| Nach dem Tode eines/er Gewerbeinhabers/in tritt mit Wirkung des Todestages von Gesetz wegen zunächst das Fortbetriebsrecht der Verlassenschaft ein. Das Entstehen dieses Fortbetriebsrechtes ist zwar nicht von einer Fortführungsanzeige abhängig, dennoch ist die Vertreterin bzw. der Vertreter der Verlassenschaft verpflichtet, der Gewerbebehörde ohne unnötigen Aufschub den Fortbetrieb anzuzeigen. Die den Fortbetrieb anzuzeigende Person hätte ihre Vertretungsbefugnis für die Verlassenschaft durch einen Beschluss des zuständigen Verlassenschaftsgerichtes nachzuweisen. Bemühen Sie sich bitte, einen solchen Beschluss des Gerichtes möglichst rasch zu bekommen. Sie benötigen ihn auch für andere Zwecke (z.B. für Sozialversicherung, Wirtschaftskammer, Kreditinstitute). Das Fortbetriebsrecht endet in der Regel mit der Beendigung der Verlassenschaftsabhandlung durch Einantwortung.
Nach dem Ende des Fortbetriebsrechtes der Verlassenschaft entsteht das Fortbetriebsrecht des überlebenden Ehegatten (auch des Mannes) und der Kinder, Wahlkinder und Kinder der Wahlkinder der verstorbenen Gewerbeinhaberin oder des verstorbenen Gewerbeinhabers, soferne der Gewerbebetrieb auf Grund einer Rechtsnachfolge oder einer Schenkung auf den Todesfall ganz oder teilweise in ihren rechtlichen Besitz übergeht. Das Fortbetriebsrecht der Deszendenten endet allerdings mit der Vollendung des 24. Lebensjahres.

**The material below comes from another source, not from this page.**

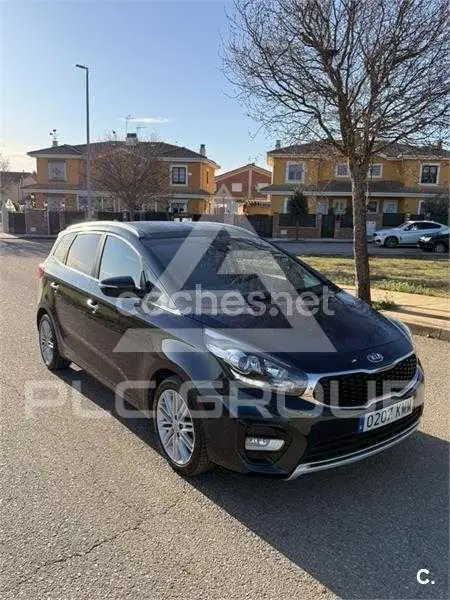 2018 KIA Carens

Hinterlässt der/die Gewerbeinhaber/in sowohl einen fortbetriebsberechtigten Ehegatten als auch fortbetriebsberechtigte Deszendenten, so steht diesen Personen das Fortbetriebsrecht gemeinsam zu; der Fortbetrieb ist von der Fortbetriebsberechtigten bzw. dem Fortbetriebsberechtigten, für die nicht eigenberechtigten Deszendenten von ihrem/ihrer gesetzlichen Vertreter/in, nach Beendigung der Verlassenschaftsabhandlung ohne unnötigen Aufschub der Gewerbebehörde anzuzeigen.

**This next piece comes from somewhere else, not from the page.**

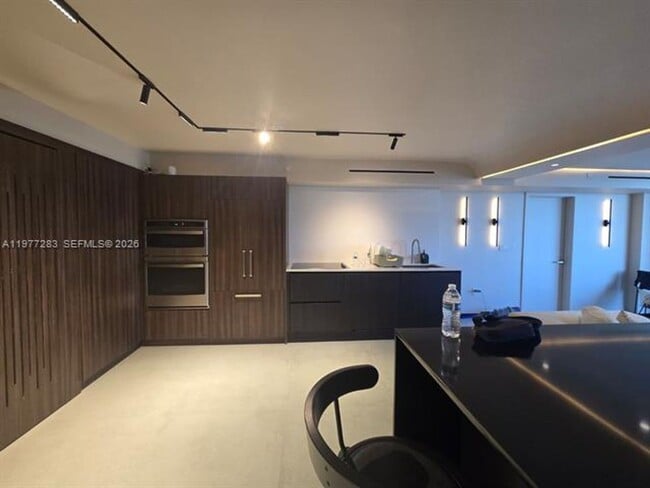 Building Photo - 6820 Indian Creek Dr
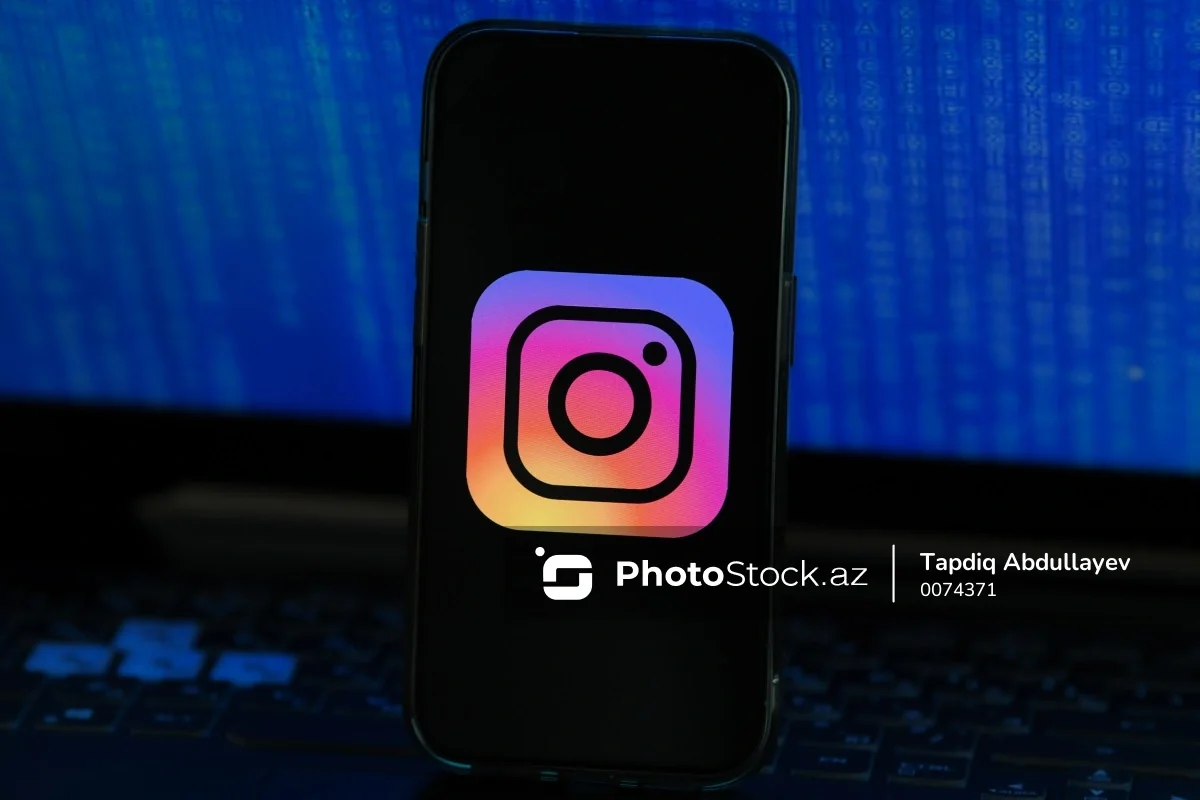 Instagram будет уведомлять родителей о поисках подростков на тему суицида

Auf das Fortbetriebsrecht kann innerhalb eines Monates nach seinem Entstehen mit der Wirkung verzichtet werden, dass es für die verzichtenden Personen überhaupt nicht entstanden ist. Eine gegenüber der Gewerbebehörde abgegebene Verzichtserklärung ist unwiderruflich. Ist der Fortführungsberechtigte/die Fortführungsberechtigte nicht eigenberechtigt, so kann für ihn/sie nur sein/ihre gesetzlicher Vertreter/gesetzliche Vertreterin mit Zustimmung des Gerichtes verzichten.
Es wird noch darauf hingewiesen, dass eine Gewerbeberechtigung für sich allein kein Fortbetriebsrecht begründet; es muss vielmehr ein fortzubetreibender Gewerbebetrieb vorhanden sein.
Im Verlassenschaftsfortbetrieb und in den Fällen, in denen die fortbetriebsberechtigten Personen die für die Ausübung des Gewerbes vorgeschriebenen persönlichen Voraussetzungen (insbesonders hinsichtlich des Befähigungsnachweises) nicht erfüllen, ist eine geeignete Geschäftsführerin bzw. ein geeigneter Geschäftsführer zu bestellen. Von diesem sind die Personaldokumente (Geburtsurkunde, Staatsbürgerschaftsnachweis oder Reisepass) und der Befähigungsnachweis vorzulegen. Auch die fortführungsberechtigten Personen haben die Personaldokumente, der Ehegatte (die Ehegattin) darüber hinaus den Nachweis, dass die Ehe zum Zeitpunkt des Todes noch aufrecht war (z.B. durch eine neue Heiratsurkunde mit einem Ausstellungsdatum nach dem Todestag) beizubringen.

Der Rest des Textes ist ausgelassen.